Deterministic hashing of Python data objects

2021-03-19 ∙ 10 minute read

... in which we calculate deterministic hashes for Python data objects, stable across interpreter versions and implementations.

If you're in a hurry, you can find the final version of the code at the end.

Contents

Why is this useful? #

Let's say you have a feed reader library; one of its main features is retrieving and storing web feeds (Atom, RSS, and so on).

Entries (articles) usually have an updated date, indicating the last time the entry was modified in a significant way. An entry is updated only if its updated in the feed is newer than the one we have stored for it.

However, you notice the content of some entries changes without updated changing, so you decide to update entries whenever they change, regardless of updated.

After the feed is retrieved, entries are converted to data objects like these (the real ones have more attributes, though):

@dataclass
class Content:
    value: str
    language: Optional[str] = None

@dataclass
class Entry:
    id: str
    updated: Optional[datetime] = None
    content: Sequence[Content] = ()

A naive approach is to get the stored entry data and compare it with the feed version, but that's pretty inefficient.

A better solution is to use a hash function – a way to map data of arbitrary size (the message) to a fixed-size chunk of data (the hash value), such that:

  • it is quick to compute the hash value for any given message
  • the same message always results in the same hash
  • it is extremely unlikely two slightly different messages have the same hash

Then, instead of getting the full entry data from storage, we just get its (previously computed) hash, and compare it with the hash of the one we just retrieved.

Cryptographic hash functions have more properties, but the three listed above are everything we need.

Requirements #

Looking at our use case, we need a hash function that:

  1. supports (almost) arbitrary data objects; in our case, the various built-in types, datetimes, and dataclass instances should be enough
  2. is safe; passing an unsupported object should be an error
  3. is stable across interpreter versions and implementations, operating systems, and host machines
  4. ignores "empty" values, to allow adding new fields without the hash changing
  5. can skip some of the fields (I actually realized this is needed much later)

Because I'm using it in an existing library, I have some additional requirements:

  1. it should not have other dependencies outside the standard library, since any extra dependency gets passed down to the users
  2. it should be minimally invasive to existing code
  3. it should work with static typing

Problem: we need a stable hash function #

hash(): not stable, too restrictive #

An easy solution seems to be the built-in hash() function, which returns the integer hash of an object. However, it has a couple of issues.

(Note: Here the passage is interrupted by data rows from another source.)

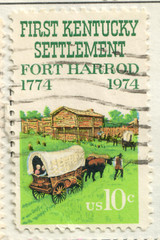 USA – 1974 The 200th Anniversary of the First Kentucky Settlement – Fort Harrod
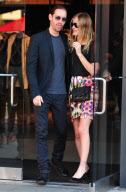 Michael Polish And Kate Bosworth Shopping In New York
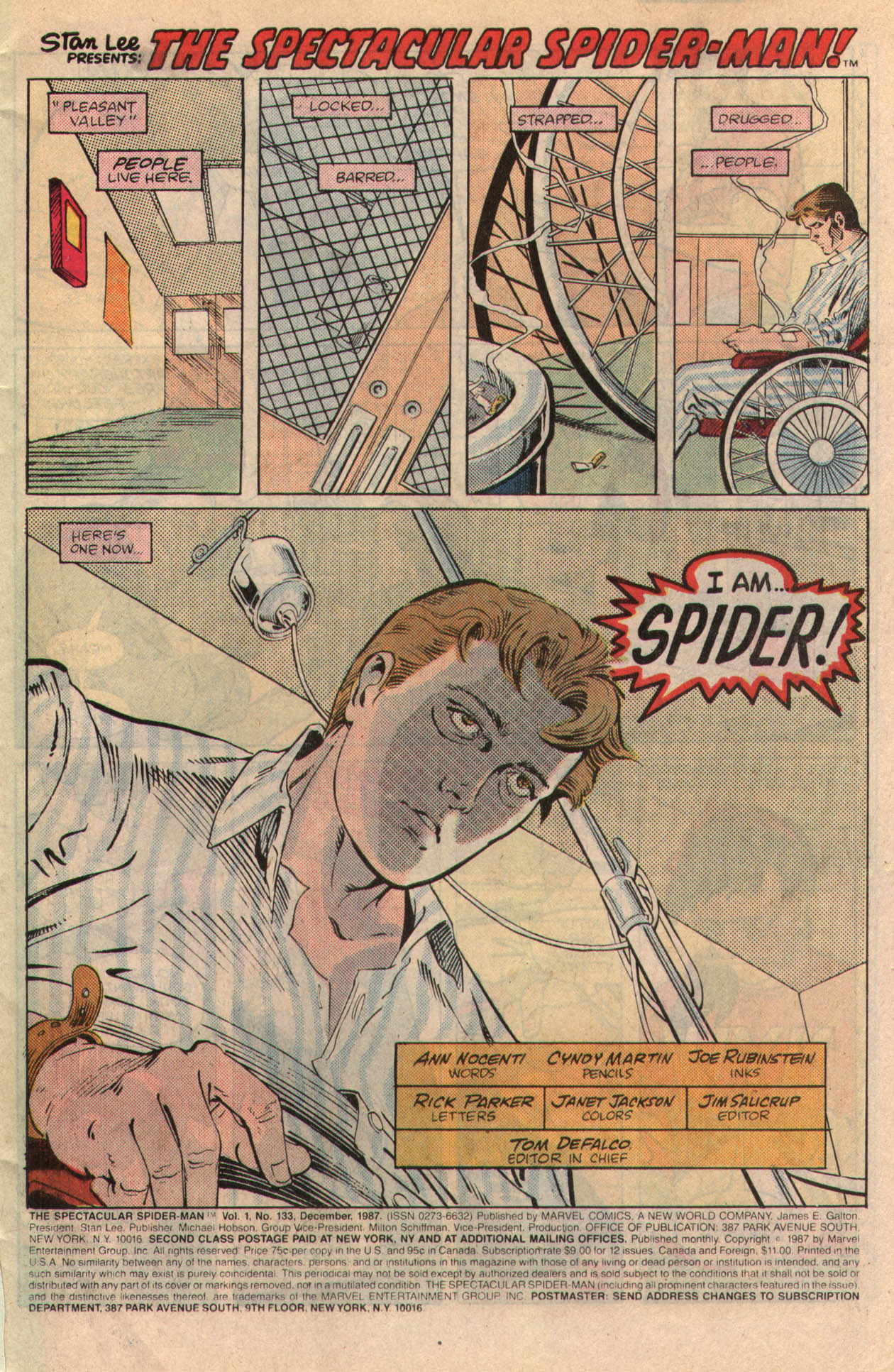 Read online The Spectacular Spider-Man (1976) comic -  Issue #133 - 2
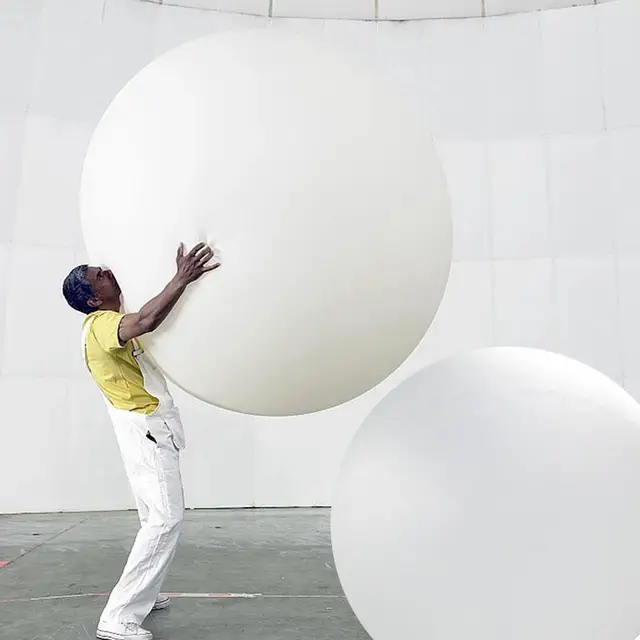 72 Inches Giant Latex Balloon White Transparent Color Black Color Birthday Party Wedding Decoration Helium Balloon 1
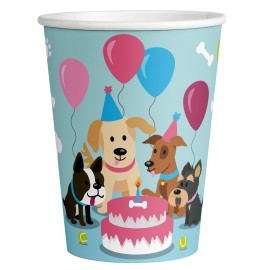 8 Vasos Perros 266 ml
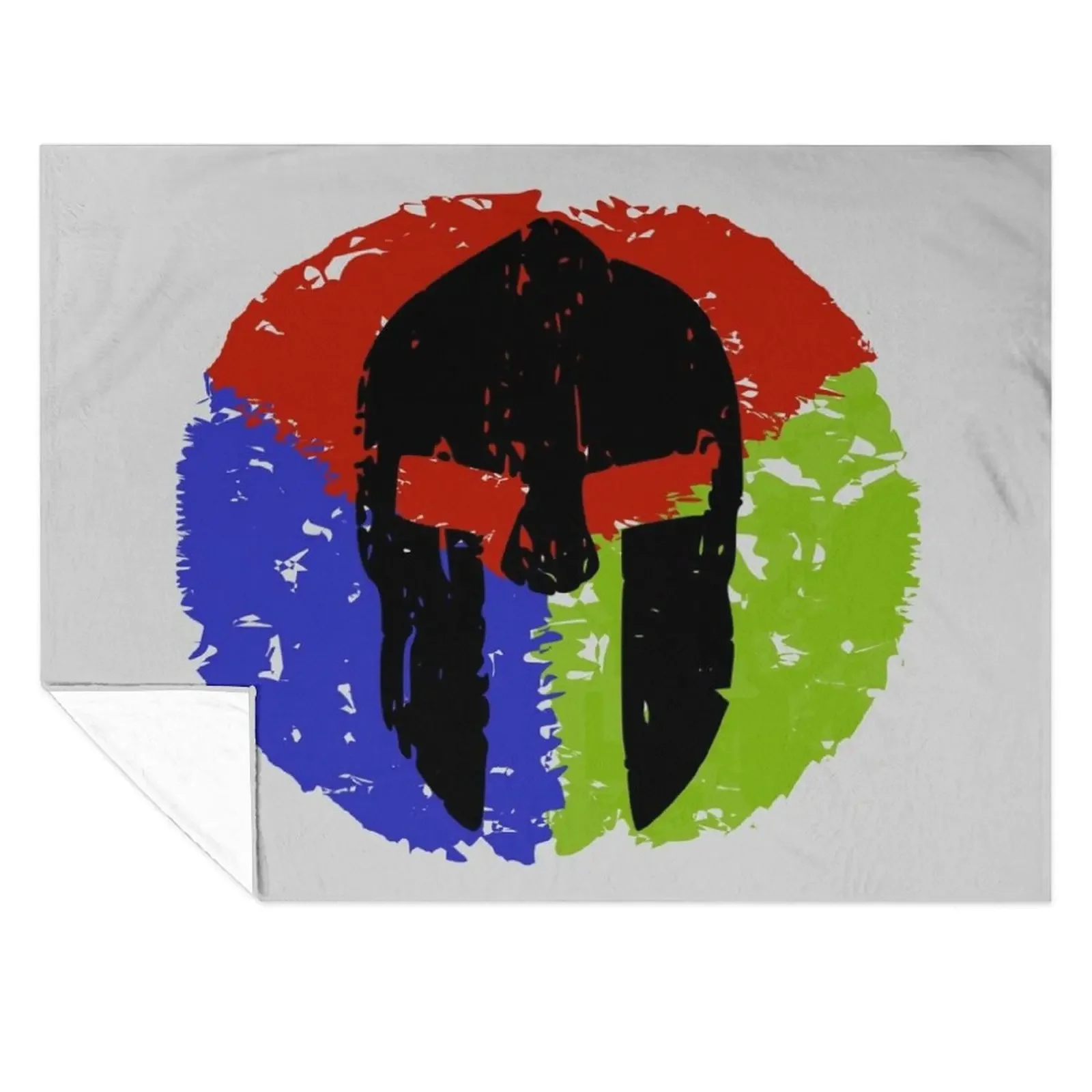 

Spartan colors Throw Blanket Beach Luxury Thicken Soft Plaid for winter Blankets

By default, the hashes of str and bytes objects are randomized for security reasons (details, second note), so they're not predictable between Python processes:

$ python3 -c 'print(hash("abc"))'
-4743820898567001518
$ python3 -c 'print(hash("abc"))'
-6699381079787346150

Also, hash() only supports hashable objects; this means no lists, dicts, or non-frozen dataclasses. For my specific use case, this wasn't actually a problem, but it already puts huge constraints on how arbitrary the input can be.

hashlib: still restrictive #

hashlib contains many different secure hash algorithms, which are by definition deterministic.

But it has one big problem – it only takes bytes:

>>> hashlib.md5(b'abc').hexdigest()
'900150983cd24fb0d6963f7d28e17f72'
>>> hashlib.md5('abc').hexdigest()
Traceback (most recent call last):
  File "<stdin>", line 1, in <module>
TypeError: Unicode-objects must be encoded before hashing
>>> hashlib.md5(1).hexdigest()
Traceback (most recent call last):
  File "<stdin>", line 1, in <module>
TypeError: object supporting the buffer API required

This is something we can work with, though: it changes our problem from we need a stable hash function to we need a deterministic way of serializing objects to bytes.

If you're curious why it only takes bytes, check out this article.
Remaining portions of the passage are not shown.